**What to work on**: Lines from the line with "Dude Perfect Rubber" to the line with "Meetbelify Boys Rolling" in the entries below, and only those, must be output exactly, with both ends included.

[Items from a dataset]
# # #

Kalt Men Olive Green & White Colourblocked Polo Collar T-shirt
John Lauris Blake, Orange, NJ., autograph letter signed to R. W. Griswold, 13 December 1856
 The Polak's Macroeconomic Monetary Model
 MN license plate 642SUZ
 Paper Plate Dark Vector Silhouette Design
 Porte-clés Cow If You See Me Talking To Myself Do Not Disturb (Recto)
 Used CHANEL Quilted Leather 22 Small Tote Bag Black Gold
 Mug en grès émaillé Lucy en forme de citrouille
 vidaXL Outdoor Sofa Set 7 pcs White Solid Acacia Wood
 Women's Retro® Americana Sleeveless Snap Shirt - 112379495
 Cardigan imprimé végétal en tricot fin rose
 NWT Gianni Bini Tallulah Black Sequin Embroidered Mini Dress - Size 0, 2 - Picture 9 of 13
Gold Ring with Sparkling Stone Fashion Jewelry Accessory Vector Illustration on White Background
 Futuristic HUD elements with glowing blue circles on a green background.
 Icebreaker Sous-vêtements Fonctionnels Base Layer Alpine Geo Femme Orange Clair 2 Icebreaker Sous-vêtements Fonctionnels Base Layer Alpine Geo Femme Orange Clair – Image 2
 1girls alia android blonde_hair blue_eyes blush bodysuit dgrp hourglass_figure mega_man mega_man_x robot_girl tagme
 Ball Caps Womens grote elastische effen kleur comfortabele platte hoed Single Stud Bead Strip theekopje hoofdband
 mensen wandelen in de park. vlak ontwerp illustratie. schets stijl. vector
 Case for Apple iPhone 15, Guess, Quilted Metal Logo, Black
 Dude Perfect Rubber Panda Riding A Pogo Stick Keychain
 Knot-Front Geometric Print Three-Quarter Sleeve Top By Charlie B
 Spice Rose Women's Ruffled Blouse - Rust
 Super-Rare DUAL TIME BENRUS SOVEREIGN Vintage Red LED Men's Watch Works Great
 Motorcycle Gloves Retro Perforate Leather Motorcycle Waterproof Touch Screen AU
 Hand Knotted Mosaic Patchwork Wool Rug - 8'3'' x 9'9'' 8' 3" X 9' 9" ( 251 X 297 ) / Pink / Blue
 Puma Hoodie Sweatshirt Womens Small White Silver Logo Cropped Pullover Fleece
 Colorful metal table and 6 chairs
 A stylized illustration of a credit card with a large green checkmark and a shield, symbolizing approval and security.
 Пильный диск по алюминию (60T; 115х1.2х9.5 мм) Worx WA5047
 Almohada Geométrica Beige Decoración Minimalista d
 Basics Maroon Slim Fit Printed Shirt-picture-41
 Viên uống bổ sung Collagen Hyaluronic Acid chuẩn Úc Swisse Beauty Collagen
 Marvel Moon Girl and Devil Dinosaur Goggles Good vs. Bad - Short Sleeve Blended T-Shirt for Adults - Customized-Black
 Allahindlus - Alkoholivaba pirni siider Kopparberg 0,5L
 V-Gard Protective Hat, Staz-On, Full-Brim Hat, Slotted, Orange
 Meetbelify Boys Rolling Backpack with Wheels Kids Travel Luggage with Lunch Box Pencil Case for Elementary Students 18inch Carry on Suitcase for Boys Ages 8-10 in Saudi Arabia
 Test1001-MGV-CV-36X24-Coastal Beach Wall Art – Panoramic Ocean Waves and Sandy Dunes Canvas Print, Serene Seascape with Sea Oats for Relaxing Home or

# # #

**Response box**:
 Dude Perfect Rubber Panda Riding A Pogo Stick Keychain
 Knot-Front Geometric Print Three-Quarter Sleeve Top By Charlie B
 Spice Rose Women's Ruffled Blouse - Rust
 Super-Rare DUAL TIME BENRUS SOVEREIGN Vintage Red LED Men's Watch Works Great
 Motorcycle Gloves Retro Perforate Leather Motorcycle Waterproof Touch Screen AU
 Hand Knotted Mosaic Patchwork Wool Rug - 8'3'' x 9'9'' 8' 3" X 9' 9" ( 251 X 297 ) / Pink / Blue
 Puma Hoodie Sweatshirt Womens Small White Silver Logo Cropped Pullover Fleece
 Colorful metal table and 6 chairs
 A stylized illustration of a credit card with a large green checkmark and a shield, symbolizing approval and security.
 Пильный диск по алюминию (60T; 115х1.2х9.5 мм) Worx WA5047
 Almohada Geométrica Beige Decoración Minimalista d
 Basics Maroon Slim Fit Printed Shirt-picture-41
 Viên uống bổ sung Collagen Hyaluronic Acid chuẩn Úc Swisse Beauty Collagen
 Marvel Moon Girl and Devil Dinosaur Goggles Good vs. Bad - Short Sleeve Blended T-Shirt for Adults - Customized-Black
 Allahindlus - Alkoholivaba pirni siider Kopparberg 0,5L
 V-Gard Protective Hat, Staz-On, Full-Brim Hat, Slotted, Orange
 Meetbelify Boys Rolling Backpack with Wheels Kids Travel Luggage with Lunch Box Pencil Case for Elementary Students 18inch Carry on Suitcase for Boys Ages 8-10 in Saudi Arabia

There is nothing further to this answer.